### Instructions for the task
While leaving the pictures out, set down only the lines from the one with "Custom Texas Christmas" through the end of the records, exactly as they stand.

[[ Exercise inputs open ]]

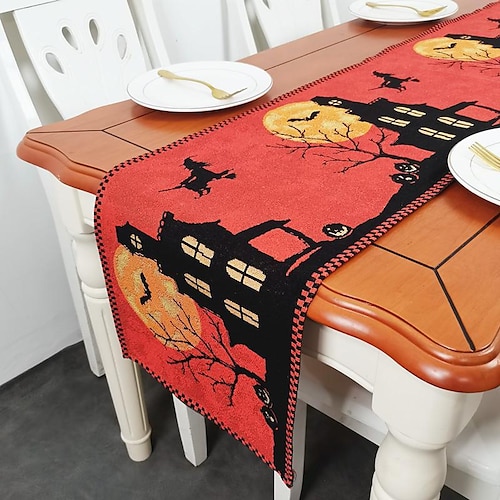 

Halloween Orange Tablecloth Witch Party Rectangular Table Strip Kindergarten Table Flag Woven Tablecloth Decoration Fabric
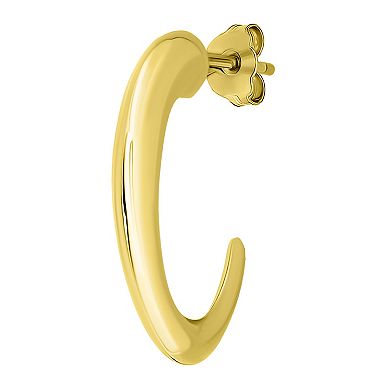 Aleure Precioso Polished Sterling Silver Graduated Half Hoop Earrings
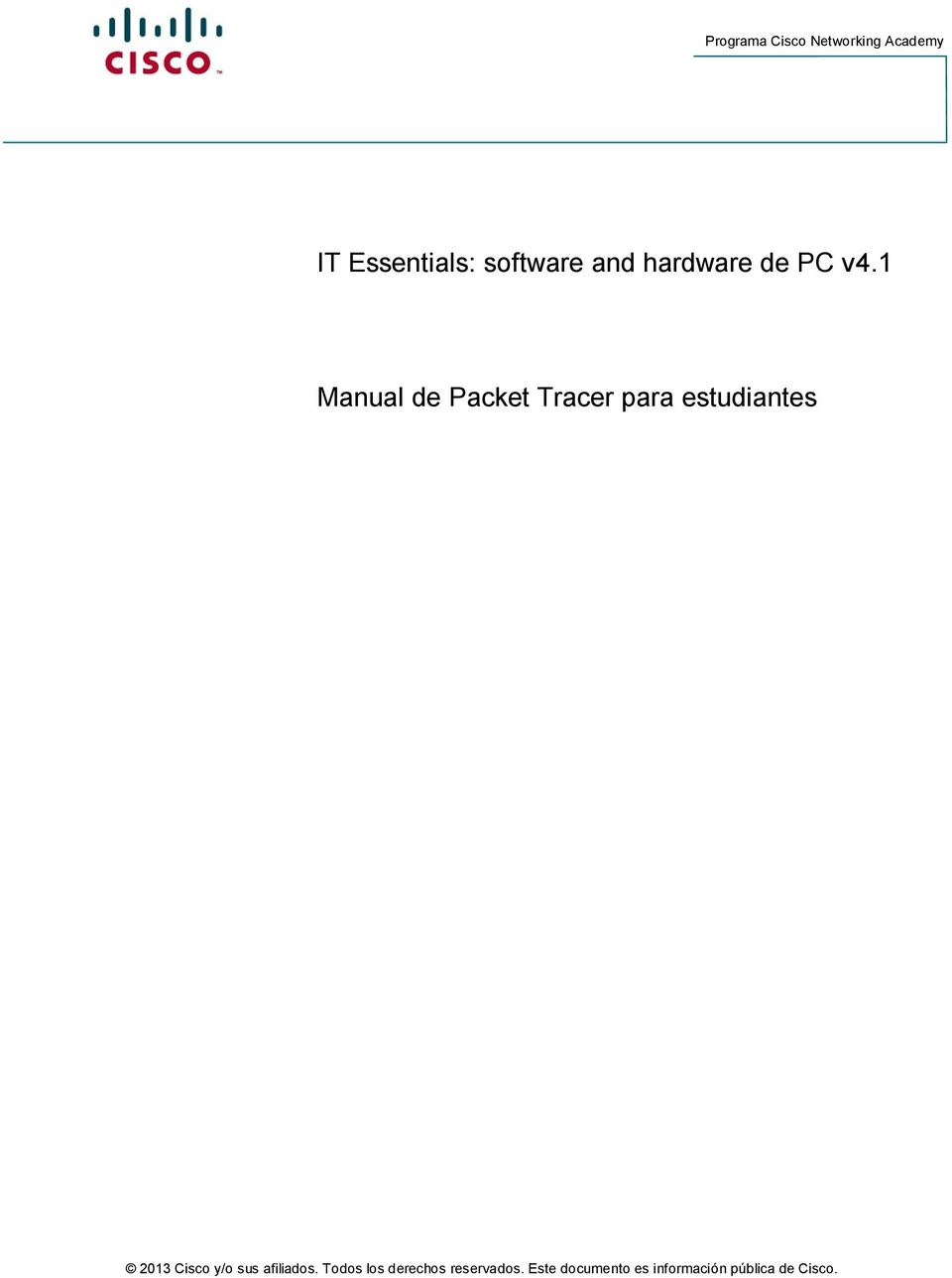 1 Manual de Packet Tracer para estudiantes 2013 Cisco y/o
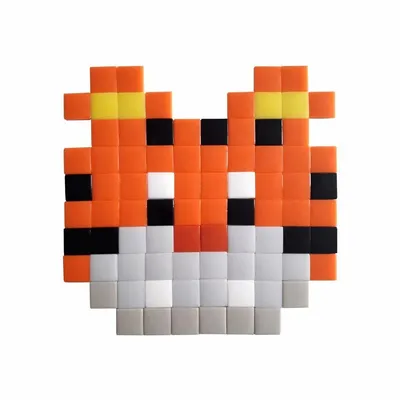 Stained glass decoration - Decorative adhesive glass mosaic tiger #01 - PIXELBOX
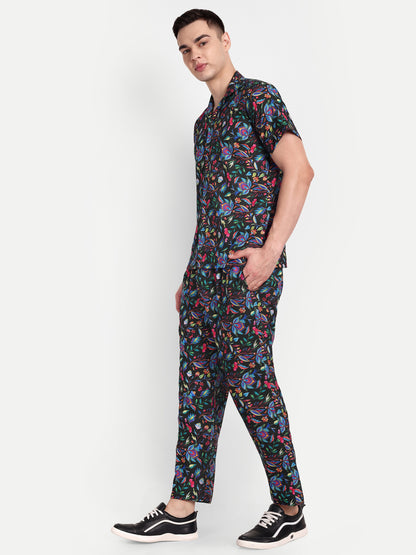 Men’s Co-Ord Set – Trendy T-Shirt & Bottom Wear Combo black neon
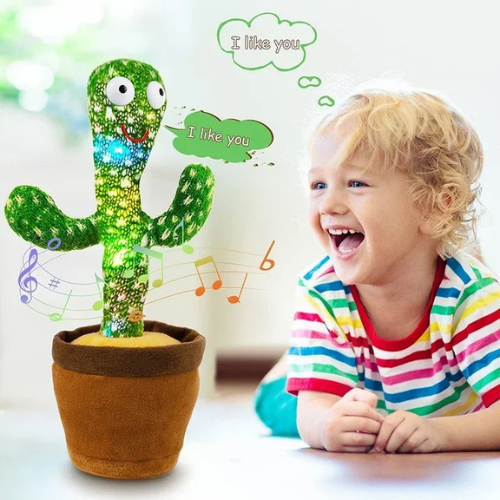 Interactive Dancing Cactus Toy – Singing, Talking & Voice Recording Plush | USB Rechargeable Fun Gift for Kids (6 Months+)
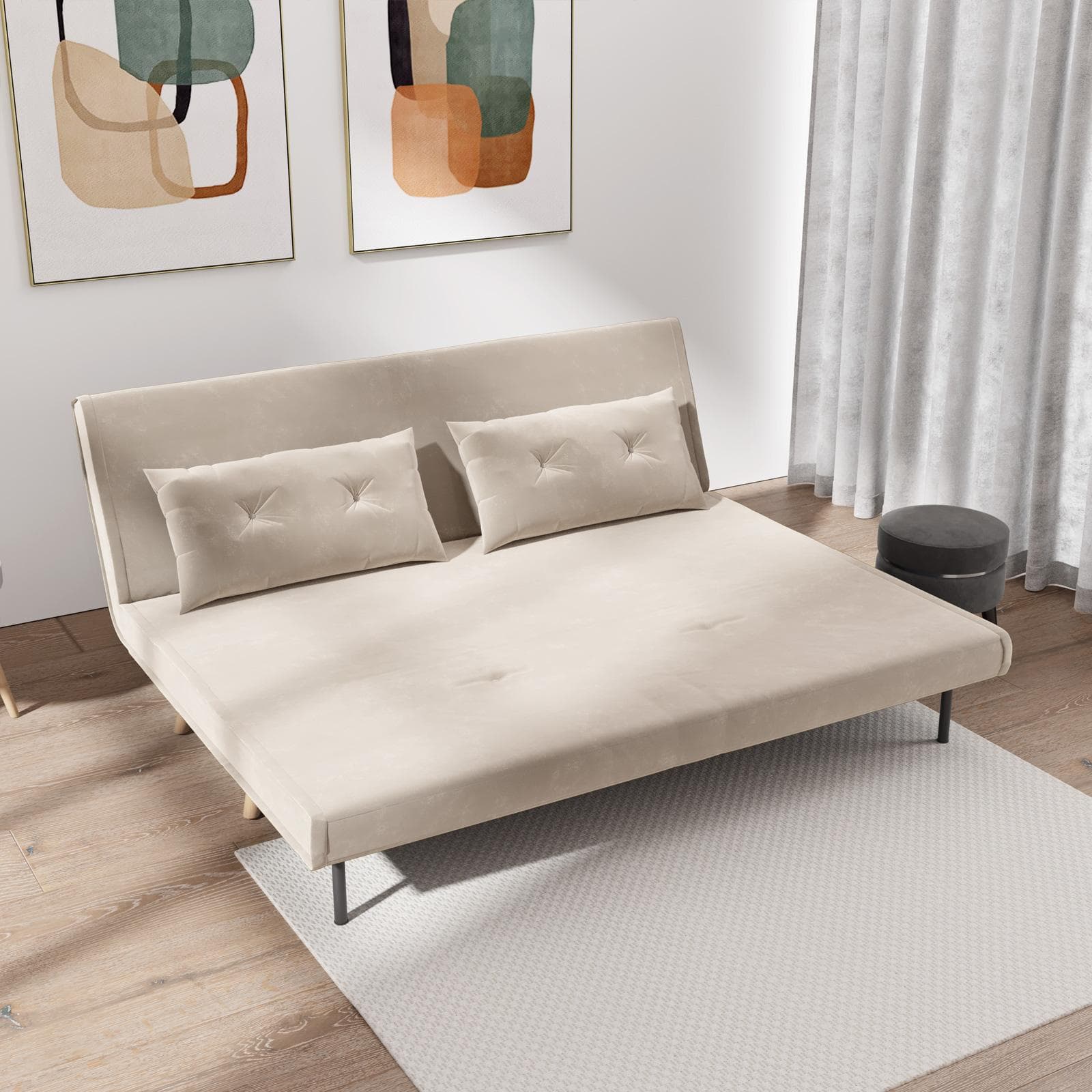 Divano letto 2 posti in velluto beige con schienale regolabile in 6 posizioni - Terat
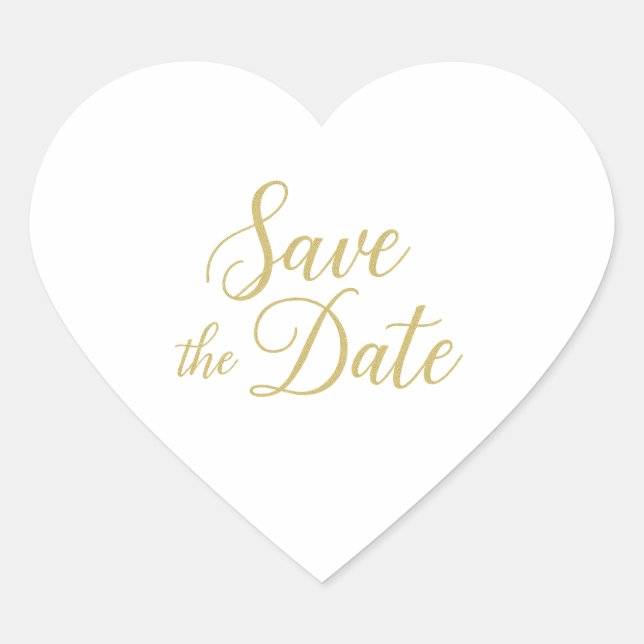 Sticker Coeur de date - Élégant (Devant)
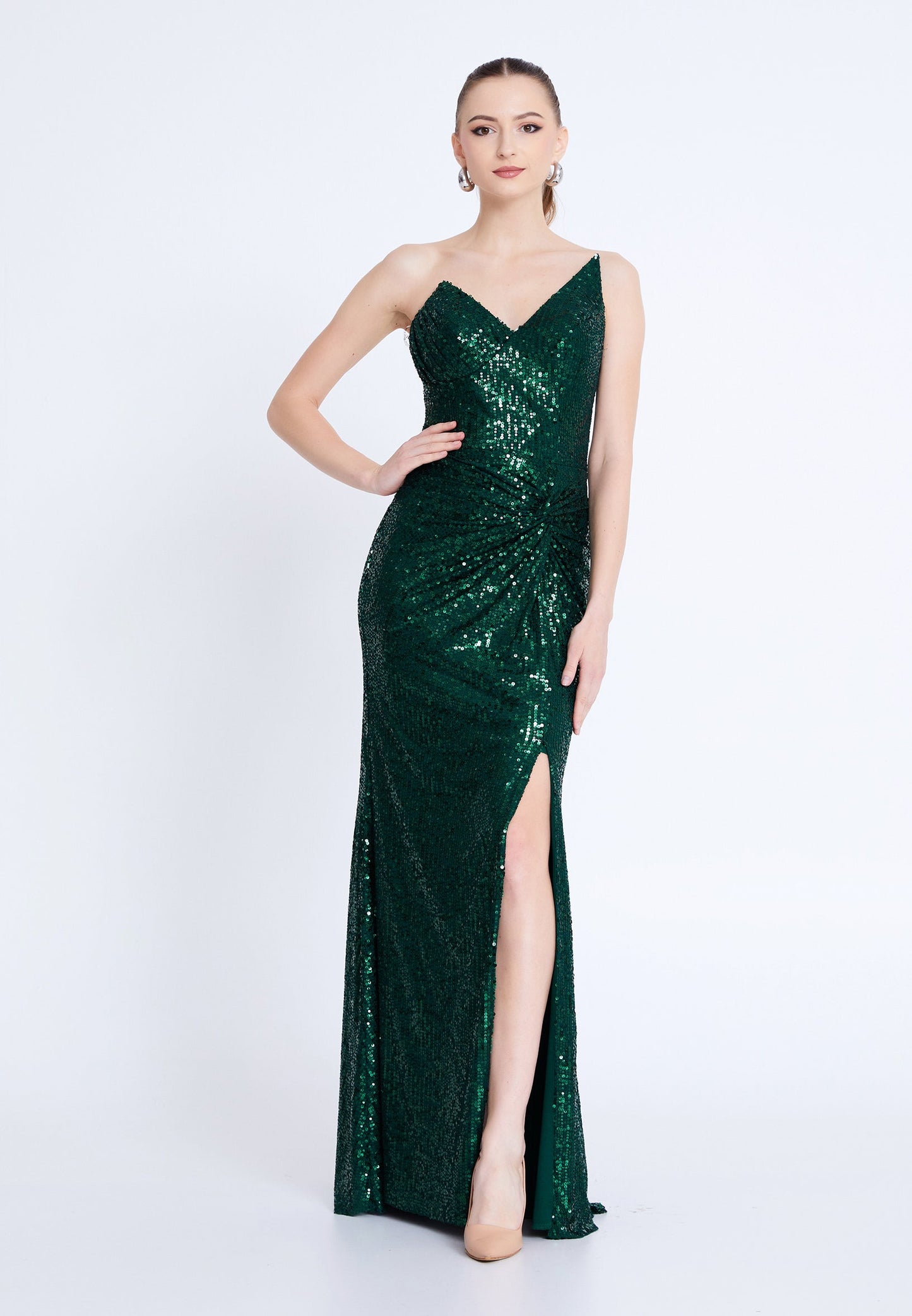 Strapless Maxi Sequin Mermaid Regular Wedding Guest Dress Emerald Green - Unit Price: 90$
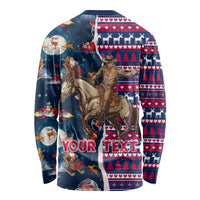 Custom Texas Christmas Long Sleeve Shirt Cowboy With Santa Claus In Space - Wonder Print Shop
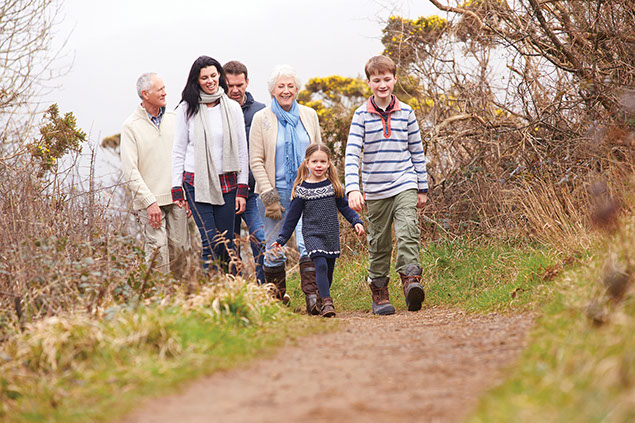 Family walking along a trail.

[[ Exercise inputs closed ]]

### Solution below
 Custom Texas Christmas Long Sleeve Shirt Cowboy With Santa Claus In Space - Wonder Print Shop
 Family walking along a trail.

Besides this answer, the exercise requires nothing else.